As very rightly pointed out by David Shirreff, we must not forget that there is another side to this. In the derivatives market, for every winner there is a loser. The sellers of such warrants suffer an accelerated loss, or an opportunity cost, as the share prices move up. If they are sensible, the sellers will have covered themselves by owning the underlying shares in question- they will have written a so-called “covered” call option. When the warrant is cashed in, they simply hand over the shares in their possession at the agreed price. They have lost an opportunity to make money, but not their shirts. 

Taking interest-rate swaps, some of the early swaps had rather primitive documentation. Careful documentation is necessary because swaps, unlike most other financial contracts, rely on the performance of both counterparties, rather than just one. This is because, with a net exchange of cash flows, at each interest period a payment of the net difference could be due from either one counterparty or the other. Because of this two-sided credit risk, each party has documentary protection against the other’s default and can terminate the contract if certain conditions are not met. The players are required to read the fine prints of the documents. 

There were several instances of this. For example, in 1987, Texaco, an oil company, technically went bankrupt for a few days when ordered to pay USD 10.5 billion in damages in a wrangle over the purchase of Getty Oil. Bankers Trust, a big American bank, saw the opportunity to terminate a swap agreement with Texaco by which, because of the movement of interest and currency rates since it was signed, it would have had to pay Texaco an estimated USD 10 million, over its remaining life. Texaco, having insisted on its own documentation in the first place, was considered fair game; Bankers Trust walked off with a windfall profit.

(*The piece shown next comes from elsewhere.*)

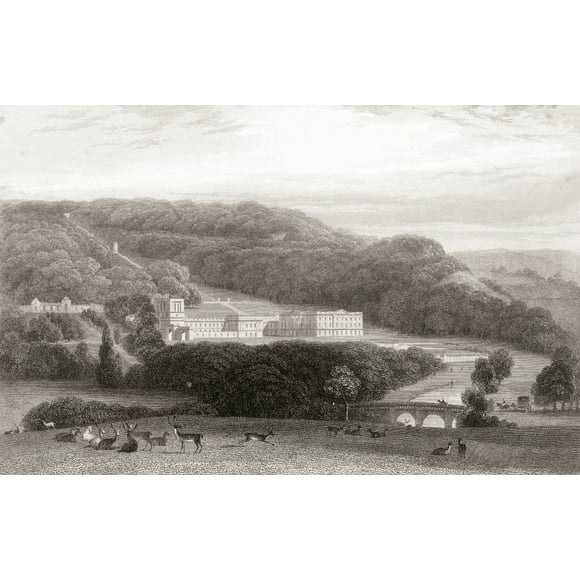 19th century view of Chatsworth House, Derbyshire, England. From Churton's Portrait and Lanscape Gallery, published 1836. Poster Print (34 x 22)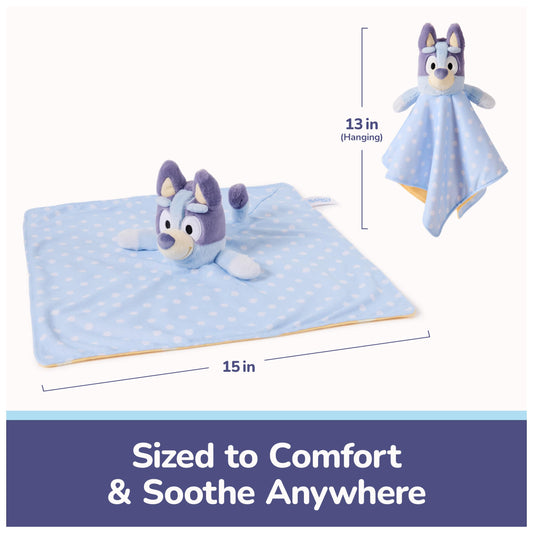 GUND Bluey double sided blanket with orange bone underside offers comforting warmth.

It has often been seen that reliance on home grown risk modeling has led to significant losses, followed by a rethink of the business. Merrill Lynch, then an American investment bank, for example, lost USD 400m in the early 1980s on securitised mortgages.

One must be very careful about assumptions. Getting volatility assumption wrong is a classic case of risk management failure. Ultimately, it is more a failure of management than of mathematics, since every mathematical model has to be fed with assumption input by humans. Models can always be manipulated either deliberately or mistakenly by those who are applying them. It is up to managers and risk controllers to weed out these aberrations before they do damage.

The global financial crisis has taught us good lessons and it was also a turning point for sellers of derivatives. After about 15 years of fantastic growth in their use of the losses incurred by the sellers and their customers, the global financial crisis made them far more aware of the products’ hidden potential as an accelerator of losses. 

This experience had also actuated the regulators of the market as the respective monitory authority to become more cautious and intense in monitoring the market transactions. From then onwards more attention was paid to the appropriateness of the derivatives sold requiring the customers to understand how the product/products they are buying might perform in adverse conditions. For non-professional customers, and even for smaller, less sophisticated companies the onus was on derivative sellers to explain the dynamics of what they were selling. 

The risk control mechanism in tandem with the changes with the requirements of the markets and the risk control ecosystem is undergoing a transformation. The emerging and developing markets (which are mainly in the very early stages of development) are necessarily required to be more cautious on this aspect.

The writer is former Member in the Board of Directors of Standard Chartered Bank Nepal Ltd.